[3/N][Feat][Graph] Support all-to-all and quantized models with ACL Graph (#2614)

### What this PR does / why we need it? * **Unify execution paths:** Consolidates the quantized and non-quantized execution paths into a single `fused_experts` function, removing duplicated logic and making the control flow clearer and easier to maintain. * **W8A8 dynamic quantization:** Adds support for W8A8 dynamic quantization inside the unified MoE kernel. Communication routines are updated to correctly handle dynamic quantization scales for activations. * **Weight pre-processing:** Prae-transpose the `w13` and `w2` weight matrices (as implemented in PR #2025) so that quantized and non-quantized models follow the same code path for the MoE gating, up-projection, and down-projection operations. * **All-to-all communication:** Adds an `all-to-all` collective communication pattern. For large token counts on modern hardware, `all-to-all` is more efficient than the previous `all-gather` strategy. However, `all-to-all` is not really captured and replayed due to multiple D2H operations which will trigger synchronization, and thus raise error when capture graphs. We only use `all-to-all` when fallback to `compiled_graph_for_general_shape`. * **Dynamic communication selection:** The model runner now selects the optimal MoE communication method (`mc2`, `allgather`, or `alltoall`) at runtime based on token count and the Ascend SoC version. * **Limitation:** `all-gather` is not yet supported for quantized models, which means there is still something left to do on A2. ### Does this PR introduce _any_ user-facing change? None. ### How was this patch tested?

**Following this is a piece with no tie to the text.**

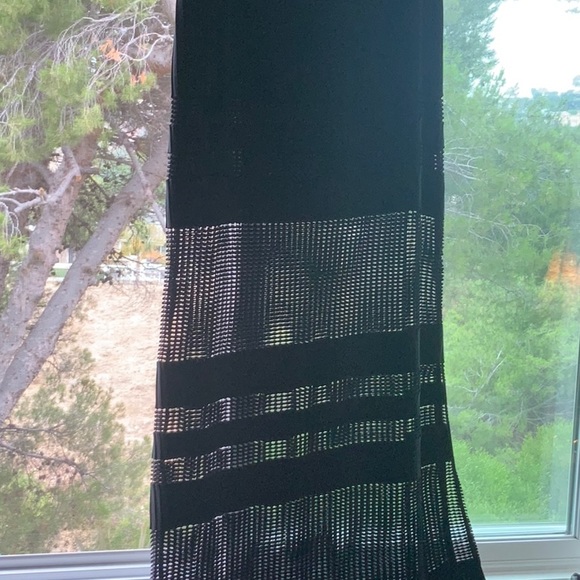 Beautiful black maxi skirt from Zara - Picture 2 of 8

No further test cases needed. - vLLM version: v0.10.1.1 - vLLM main: d660c98c1b --------- Signed-off-by: Yizhou Liu <liu_yizhou@outlook.com>
2025-08-30 11:00:35 +08:00
parent 91c35d765a
commit d3c93fba5c
7 changed files with 248 additions and 41 deletions
--- a/vllm_ascend/worker/model_runner_v1.py
+++ b/vllm_ascend/worker/model_runner_v1.py
@@ -89,7 +89,8 @@ from vllm_ascend.sample.rejection_sampler import AscendRejectionSampler
 from vllm_ascend.torchair.torchair_attention import AscendTorchairMetadata
 from vllm_ascend.torchair.torchair_mla import AscendMLATorchairMetadata
 from vllm_ascend.utils import (ACL_FORMAT_FRACTAL_ND, ACL_FORMAT_FRACTAL_NZ,
-                               ProfileExecuteDuration, is_310p,
+                               AscendSocVersion, ProfileExecuteDuration,
+                               get_ascend_soc_version, is_310p,
                               lmhead_tp_enable, vllm_version_is)
 from vllm_ascend.worker.eagle_proposer_v1 import EagleProposer
 from vllm_ascend.worker.mtp_proposer_v1 import MtpProposer
@@ -1620,8 +1621,22 @@ class NPUModelRunner(LoRAModelRunnerMixin):
        )

    def _select_moe_comm_method(self, num_tokens: int) -> str:
-        return ("mc2"
-                if num_tokens <= self.mc2_tokens_capacity else "allgather")
+        soc_version = get_ascend_soc_version()
+
+        if num_tokens <= self.mc2_tokens_capacity:
+            moe_comm_method = "mc2"
+        elif soc_version in {AscendSocVersion.A2}:
+            moe_comm_method = "allgather"
+        elif soc_version in {AscendSocVersion.A3}:
+            moe_comm_method = "alltoall"
+        else:
+            raise ValueError(f"Unsupported soc_version: {soc_version}")
+
+        if is_global_first_rank():
+            logger.debug(f"num_tokens: {num_tokens}, "
+                         f"moe_comm_method: {moe_comm_method}")
+
+        return moe_comm_method

    @torch.inference_mode()
    def execute_model(